How MOSFET leaks

[ayeaye]

Helpful would be the proven circuit to switch mosfet at nanoseconds time (below 100ns) 

Ok, simulated with 100 ohms circuit resistance, the pulse voltage source was

dc 0 pulse 0 5 0 5n 5n 10n 700n

Which means 5V positive pulses, with the initial delay 0, rise time 5ns, fall time 5ns, and length 10ns. Which means that the total length of the pulse was 20ns. The cycle length was 700ns. The transient analysis was done with

tran 1ns 700ns

Which means transient analysis during 700ns with 1ns steps. The current in the circuit in the ngspice diagram below, is clockwise. But calculate yourself please.

For these who have not used ngspice before, helpful may also be the thread that i created about ngspice here http://overunity.com/16064/ngspice-and-geda-circuit-simulation/#.VhFThW943iY .

PS Why the capacitance Cgd decreases when the mosfet opens, i think i didn't describe it well before. The n channel mosfet consists of a slightly p semiconductor, but at the source and gate electrodes, there are n areas. This n area conducts, and thus it is like an extension to the capacitance's plate. When the mosfet opens and a current starts to go through it, more electrons come and these n areas widen, and thus the gate side plate of the capacitance decreases. This is also what should cause the Miller plateau. It's just as i see it by now.

[ayeaye]

I think i didn't say it quite right again. It looks like when the mosfet opens and current starts to go through it, then the n areas decrease. The decreasing of the n areas also causes the decrease of the input capacitances, and the Miller plateau. The n areas conduct, remember. And the p area is only slightly p, so it doesn't conduct. Why, because the electrons that come to the p area and make it conductive, come from the n areas. At least this is how i understand it by now.

I had to explain it, because i think one should know what happens there. This is not anything high level. It's just mechanical. Like understanding how a coffee machine works. It's only necessary to know what exactly happens.

[forest]

I don't understand it all ;-) but I feel that keeping mosfet right around the Miller plateau would allo very fast opening/closing.
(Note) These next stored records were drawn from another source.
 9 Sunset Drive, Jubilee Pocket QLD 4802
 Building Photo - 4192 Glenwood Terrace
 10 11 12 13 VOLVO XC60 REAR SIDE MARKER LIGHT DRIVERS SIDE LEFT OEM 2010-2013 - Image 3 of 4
Am I right ? I know there are scientific papers about circuits switching ordinary mosfets (with trr time in the 2us range) in 5ns
We should concentrate on this, at least i would if I had a team working on solutions :-)

[ayeaye]

I feel that keeping mosfet right around the Miller plateau would allo very fast opening/closing.
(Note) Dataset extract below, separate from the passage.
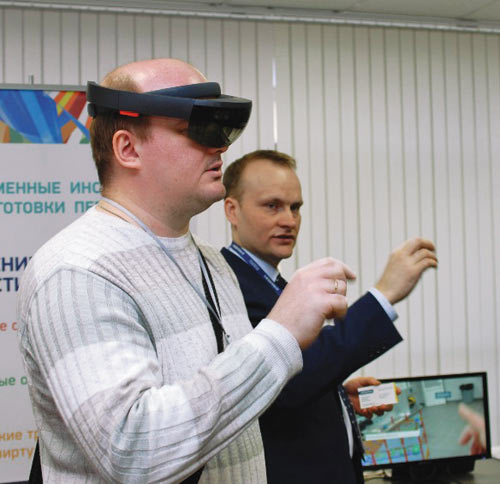 Рис. 2. Управление НПЗ в очках дополненной реальности Microsoft HoloLens демонстрируется участникам технологической выставки в рамках Форума «МНОГОМЕРНЫЙ ВОРОНЕЖ-2017»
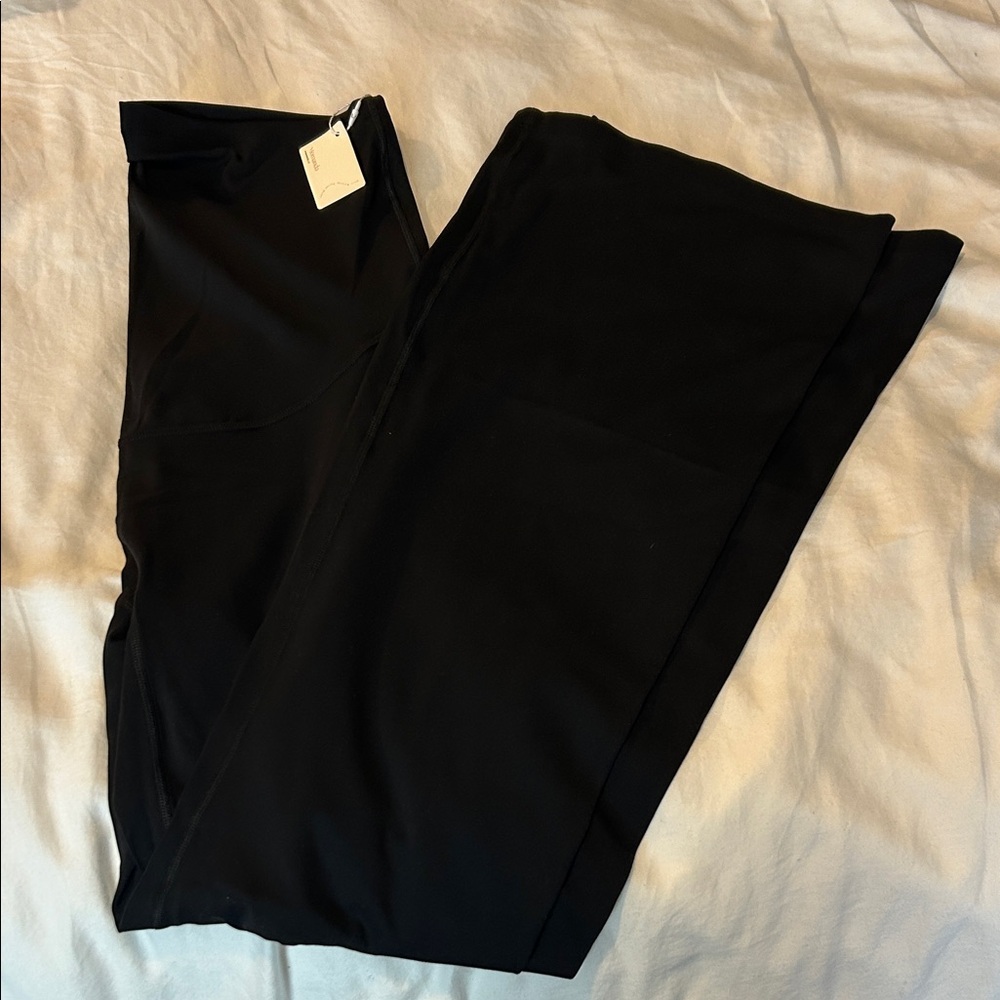 Momada Black Leggings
Yes i guess. And should decrease the input energy too, as all the charge in Cgs gets wasted when the input goes to zero, and it will be completely discharged to ground. And should also decrease the leaking to the circuit after the pulse, because Cgd will also not be fully discharged.

If you don't understand the leaking, then think about it like this. When the (n-) mosfet is closed, then all the circuit is really connected from the ground to the drain. When we charge Cgd, then the current goes from the ground to drain. And when we discharge Cgd, then the current goes from the drain to ground. This evidently is all the leaking to the circuit there.

[ayeaye]

My hand drawing was a kind of bad, so i added below a drawing made with gschem, which explains mosfet leaking. I hope that all understand it now.
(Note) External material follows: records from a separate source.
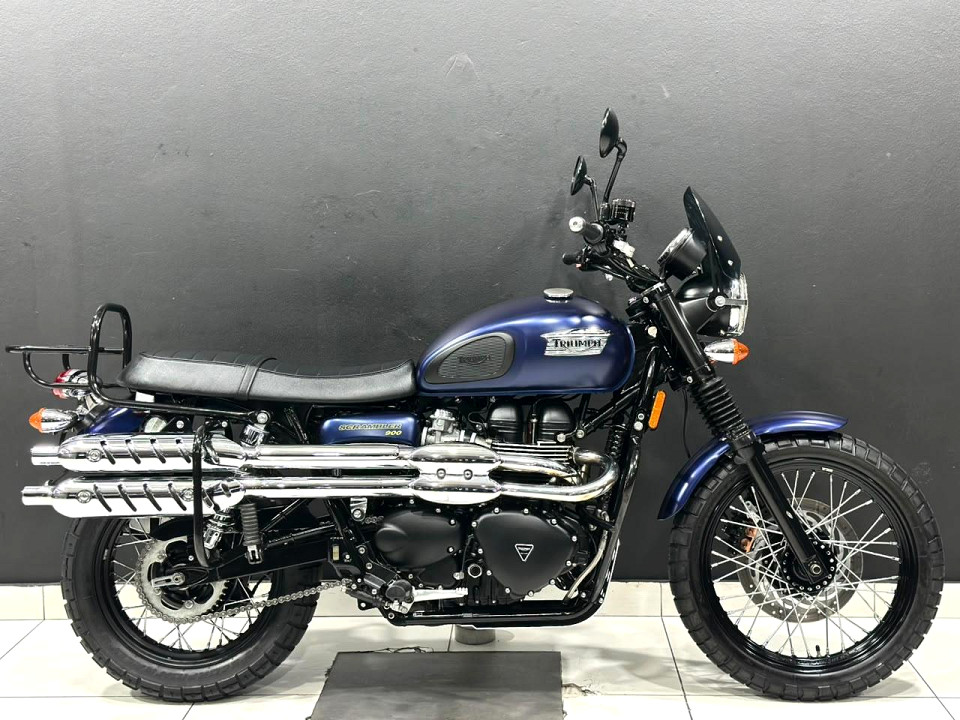 TRIUMPH 900, image 2
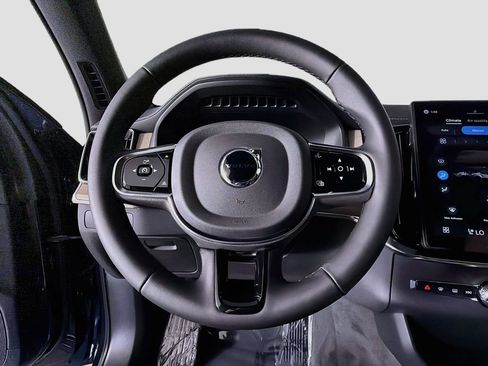 New 2026 Volvo XC90 T8 Ultra w/ Protection Package AWD/4WD image 11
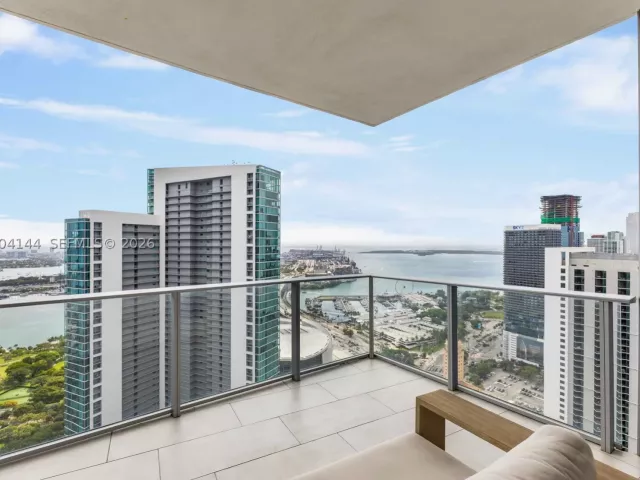 1-bedroom condo for sale in Miami - 851 NE 1st Ave 4405 - MondialRealty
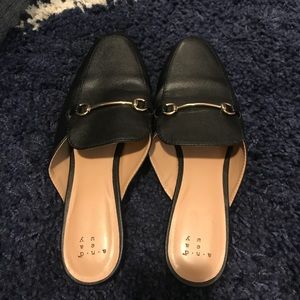 Target Shoes - Target slides Target Shoes - Target slides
On that drawing, Cgd is not a capacitor, but the (n) mosfet's gate to drain capacitance. Mosfet is not drawn, because on both diagrams above and below, it is closed, that is, it is the same as not connected. The gate to drain capacitance is in both cases connected to the ground, so the leaking to the circuit does not depend on it anyhow.

The arrow shows on both diagrams the direction of the negative current, that is current which is considered to be a movement of negative particles.

Hope it was useful for someone for some purpose.